First You Have to Find Them
To get a sense of how big the mountain Hunter and his colleagues are tunneling into, consider the fact that every human cell has 23 pairs of chromosomes containing about 3.5 billion pairs of nucleotides, the chemical “letters” A, C, G and T that make up DNA’s genetic code. But the actual genes that carry code to make proteins, and go wrong in genetic diseases and cancer, occupy less than 3 percent of the genome; the rest is genetic noise. Making genes still trickier to unearth is the fact that their protein-coding elements are scattered, as are the genetic signals that the cell uses to stitch them back together and guide their “expression”: the process that activates them to make proteins. “The key to understanding the genome is understanding the language of these signals,” says David Haussler, a leading computational biologist at the University of California at Santa Cruz. “But they are hidden, and they are noisy.”

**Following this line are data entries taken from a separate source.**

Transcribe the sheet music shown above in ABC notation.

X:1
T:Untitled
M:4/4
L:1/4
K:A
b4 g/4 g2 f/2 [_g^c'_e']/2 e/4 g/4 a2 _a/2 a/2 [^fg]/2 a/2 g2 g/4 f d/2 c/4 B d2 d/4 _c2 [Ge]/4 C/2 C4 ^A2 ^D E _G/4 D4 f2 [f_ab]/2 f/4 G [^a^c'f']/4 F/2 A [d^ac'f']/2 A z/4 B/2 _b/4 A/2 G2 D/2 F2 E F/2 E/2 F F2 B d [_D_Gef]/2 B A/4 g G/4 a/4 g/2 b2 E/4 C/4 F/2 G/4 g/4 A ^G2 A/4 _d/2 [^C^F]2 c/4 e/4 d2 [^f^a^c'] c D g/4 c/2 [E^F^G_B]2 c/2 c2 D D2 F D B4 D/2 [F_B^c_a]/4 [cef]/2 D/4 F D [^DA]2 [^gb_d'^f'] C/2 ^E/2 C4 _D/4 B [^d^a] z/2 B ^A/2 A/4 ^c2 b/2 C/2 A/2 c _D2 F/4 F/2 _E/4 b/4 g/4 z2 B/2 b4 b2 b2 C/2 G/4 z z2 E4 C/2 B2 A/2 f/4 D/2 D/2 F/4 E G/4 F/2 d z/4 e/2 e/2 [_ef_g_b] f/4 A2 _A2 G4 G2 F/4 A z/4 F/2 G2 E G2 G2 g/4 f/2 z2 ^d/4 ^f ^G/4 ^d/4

The first crucial problem is to extract them from this maze of irrelevant code. At Oak Ridge National Laboratory, Edward Uberbacher’s Computational Biosciences Section has tackled the gene-finding problem with artificial neural networks-a type of artificial intelligence (AI) program distinguished by its capacity to learn from experience. At Oak Ridge, neural nets had been used for jobs such as recognizing enemy tanks in fuzzy satellite images; in 1991, Uberbacher adapted these methods to create a program, called GRAIL, that can pick out genes. Since then, GRAIL has been joined by at least a dozen other gene-finding programs, many of which are available to researchers online.
The current gene-locating programs are far from perfect, sometimes predicting genes that aren’t real and often missing genes that are. Partly because of accuracy problems, says Uberbacher, “these methods have been on the fringe for a while. ” But given the accelerating flood of genome data, biologists will be forced to rely on-and improve-them. “Imperfect as they are, they are the best place to start,” says Lisa Brooks, program director of the National Human Genome Research Institute’s genome informatics branch, whose operation doles out $20 million a year to support bioinformatics databases and to develop new data-mining methods.
Pattern-recognition programs aren’t used only for discovering genes; they’re also heavily exploited to give researchers clues as to what genes do. Today the most widely used program-the NCBI’s Basic Local Alignment Search Tool, or BLAST-receives 50,000 hits per day from researchers searching for similarities between newly discovered DNA sequences and ones whose roles are already understood. Given similar sequences, scientists can often deduce that two genes have similar functions.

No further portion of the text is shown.